[Brief descriptive captions]

--------------------

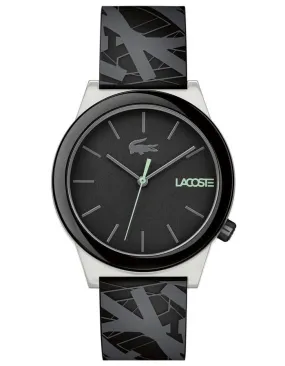 Lacoste Mens Motion Watch - TR90 Case - Black Dial -Black Printed Silicone Strap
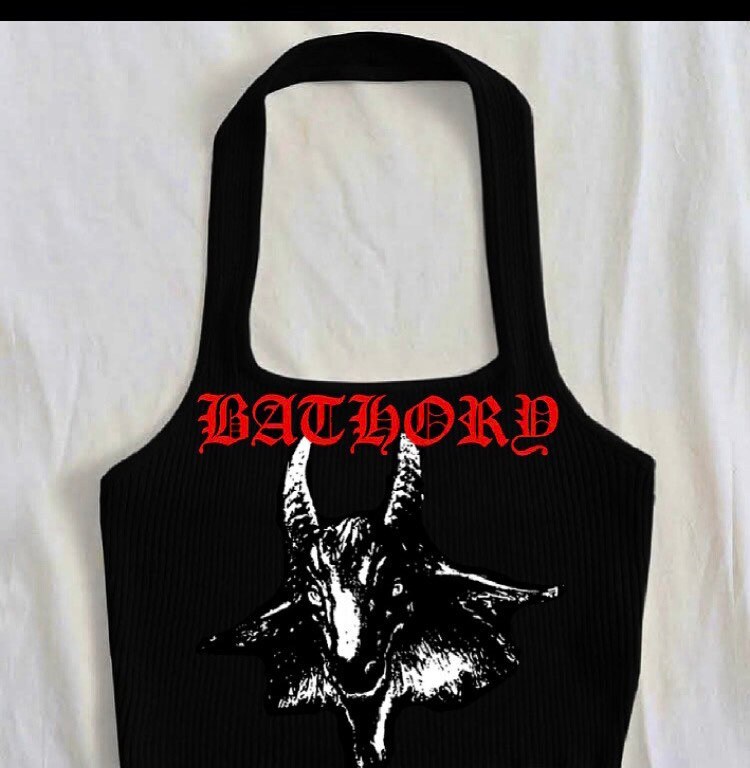Heavy metal crop top blouses, heavy metal, vintage halters.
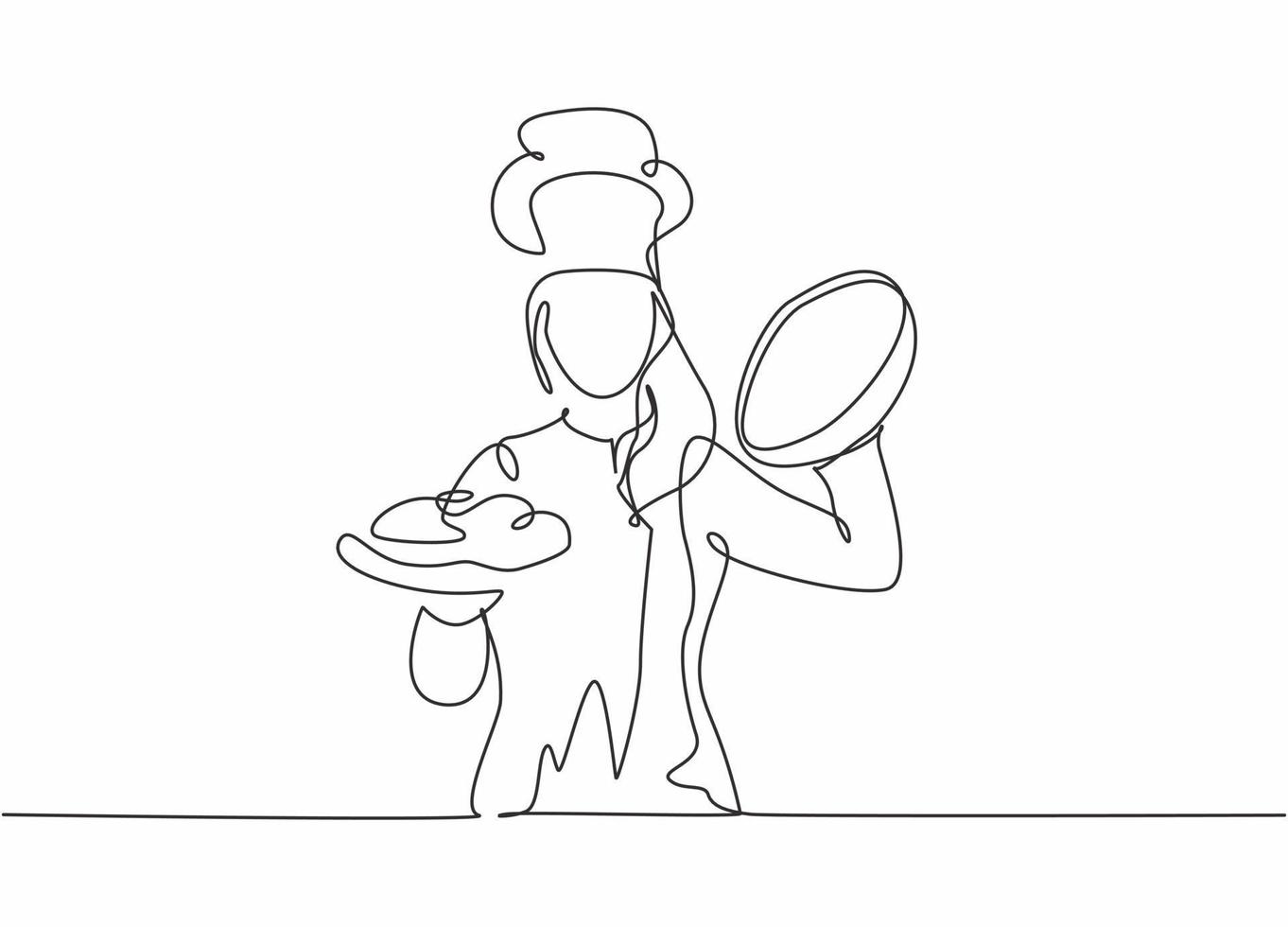 un dibujo de línea continua de una joven chef femenina abriendo una bandeja cloche para servir el plato principal al cliente en el restaurante del hotel. concepto de servicio excelente ilustración de vector de diseño de dibujo de línea única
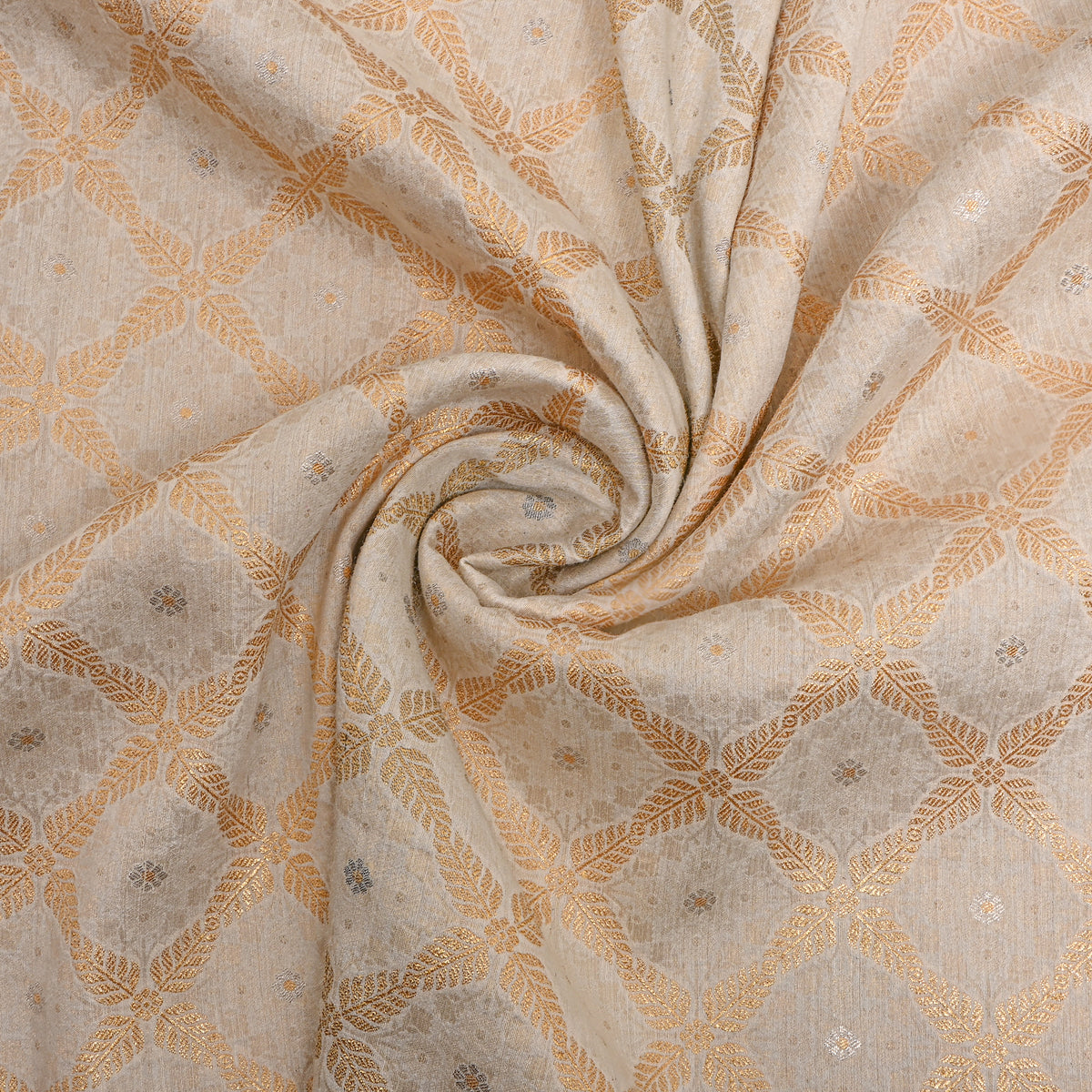 Ivory Gold Check Jamawar Silk Fabric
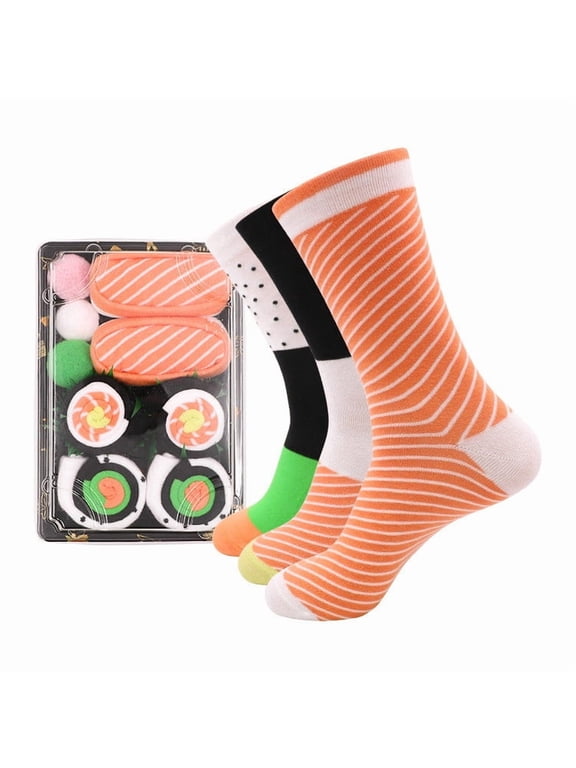 Sushi Salmon Socks Gift Box, Funny Food Socks for Men and Women, Cute Long Tube Socks for Spring Summer, Novelty Sushi Lover Gift, Unique Fashion Accessories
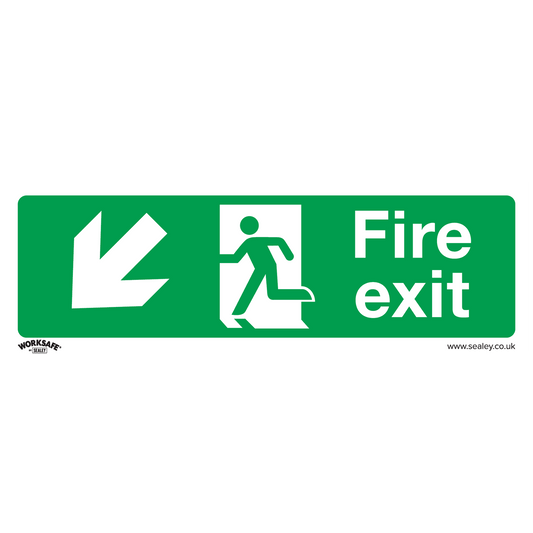 Sealey Safe Conditions Safety Sign - Fire Exit (Down Left) - Rigid Plastic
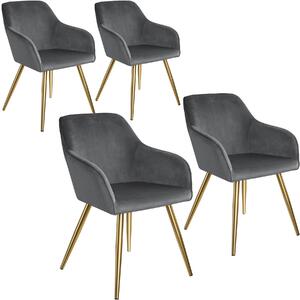 Tectake 404011 4 marilyn bársony kinézetű szék, arany színű - sötétszürke/arany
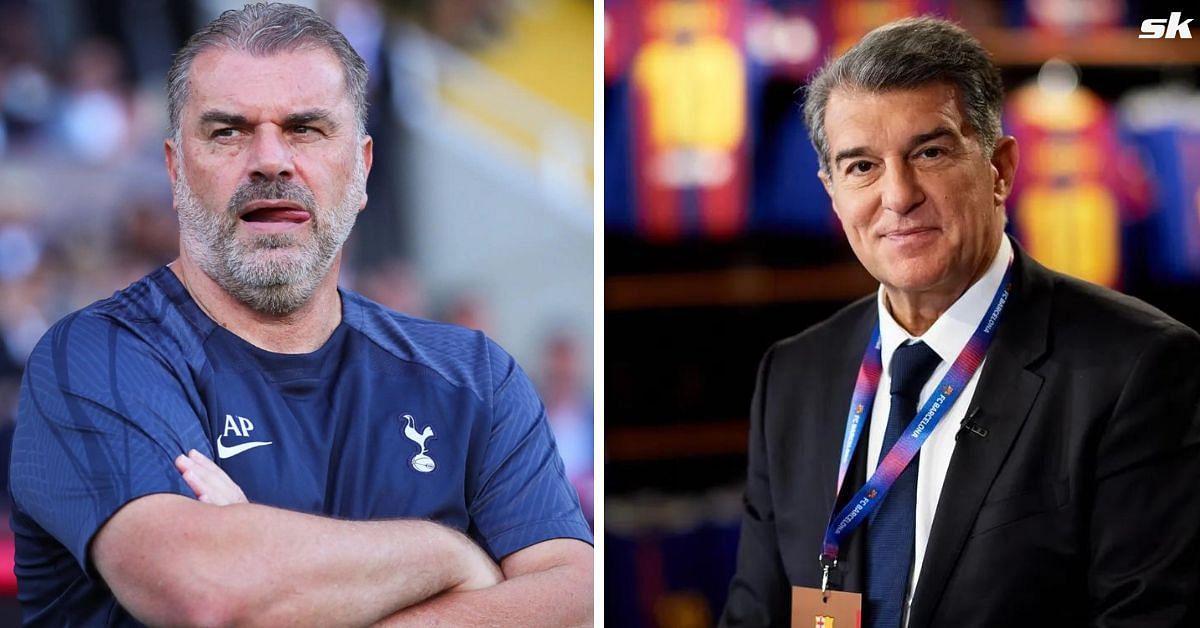 Tottenham boss Ange Postecoglou (L) and Barcelona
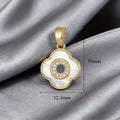 Lu's White Mother-of-Pearl Rhinestone Multi-Style Pendants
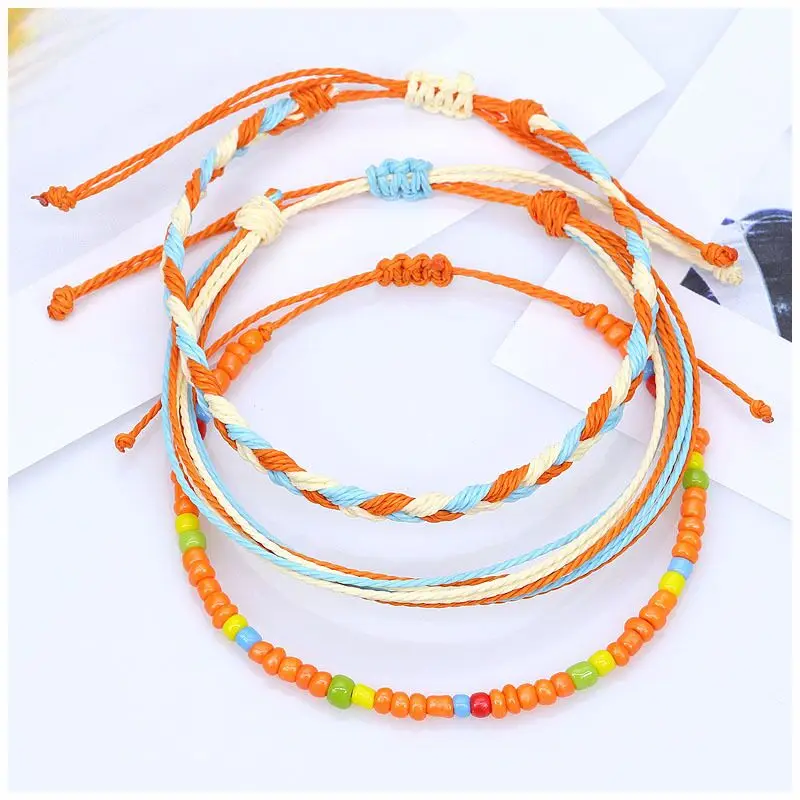 Colour Bracelet Set Charm Infinity Waves Wax Thread Woven Bracelets Women Yoga Bangles Bohemian String Wrist Jewelry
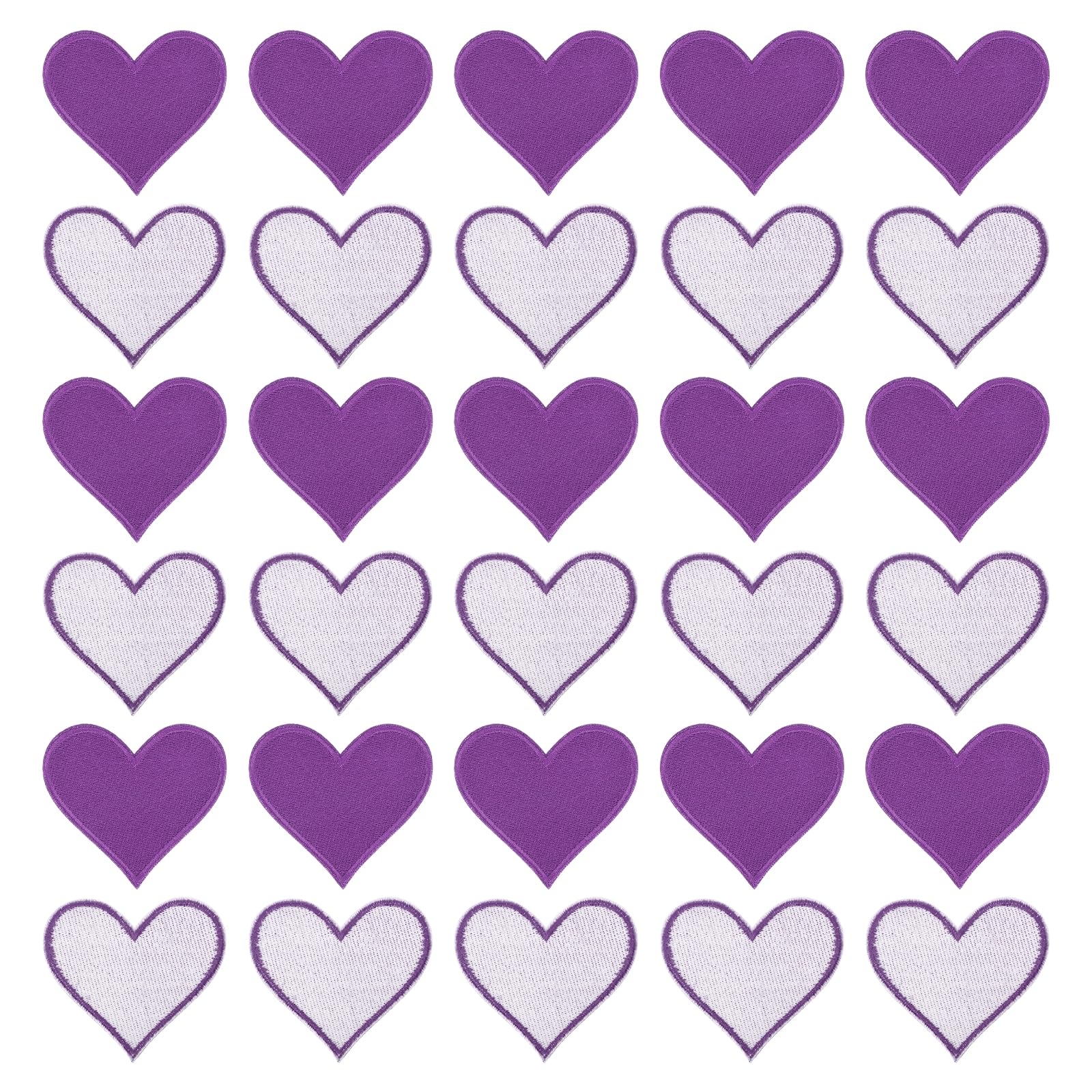 QUARKZMAN 120Pz Toppe Termoadesive a Forma di Cuore 6.8x7cm Ricamate Viola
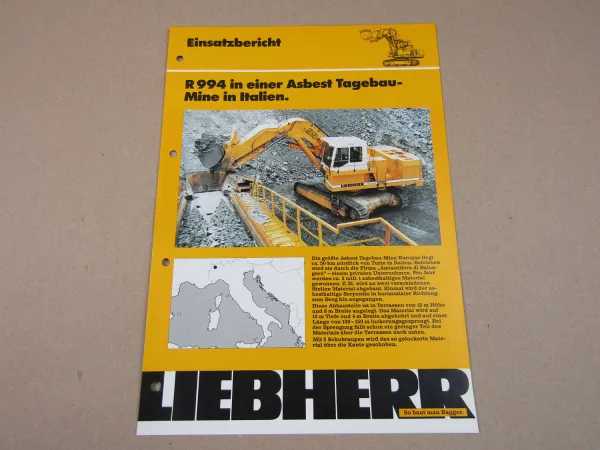 Prospekt Liebherr R 994 Bagger 9/86 Einsatzbericht Asbest Tagebau-Mine Italien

--------------------

PROBLEM TO SOLVE => Output all the records above again exactly, with the pictures dropped.

TASK RESPONSE =>
 Lacoste Mens Motion Watch - TR90 Case - Black Dial -Black Printed Silicone Strap
Heavy metal crop top blouses, heavy metal, vintage halters.
 un dibujo de línea continua de una joven chef femenina abriendo una bandeja cloche para servir el plato principal al cliente en el restaurante del hotel. concepto de servicio excelente ilustración de vector de diseño de dibujo de línea única
 Ivory Gold Check Jamawar Silk Fabric
 Sushi Salmon Socks Gift Box, Funny Food Socks for Men and Women, Cute Long Tube Socks for Spring Summer, Novelty Sushi Lover Gift, Unique Fashion Accessories
 Sealey Safe Conditions Safety Sign - Fire Exit (Down Left) - Rigid Plastic
 Tectake 404011 4 marilyn bársony kinézetű szék, arany színű - sötétszürke/arany
 Tottenham boss Ange Postecoglou (L) and Barcelona
 Lu's White Mother-of-Pearl Rhinestone Multi-Style Pendants
 Colour Bracelet Set Charm Infinity Waves Wax Thread Woven Bracelets Women Yoga Bangles Bohemian String Wrist Jewelry
 QUARKZMAN 120Pz Toppe Termoadesive a Forma di Cuore 6.8x7cm Ricamate Viola
 Prospekt Liebherr R 994 Bagger 9/86 Einsatzbericht Asbest Tagebau-Mine Italien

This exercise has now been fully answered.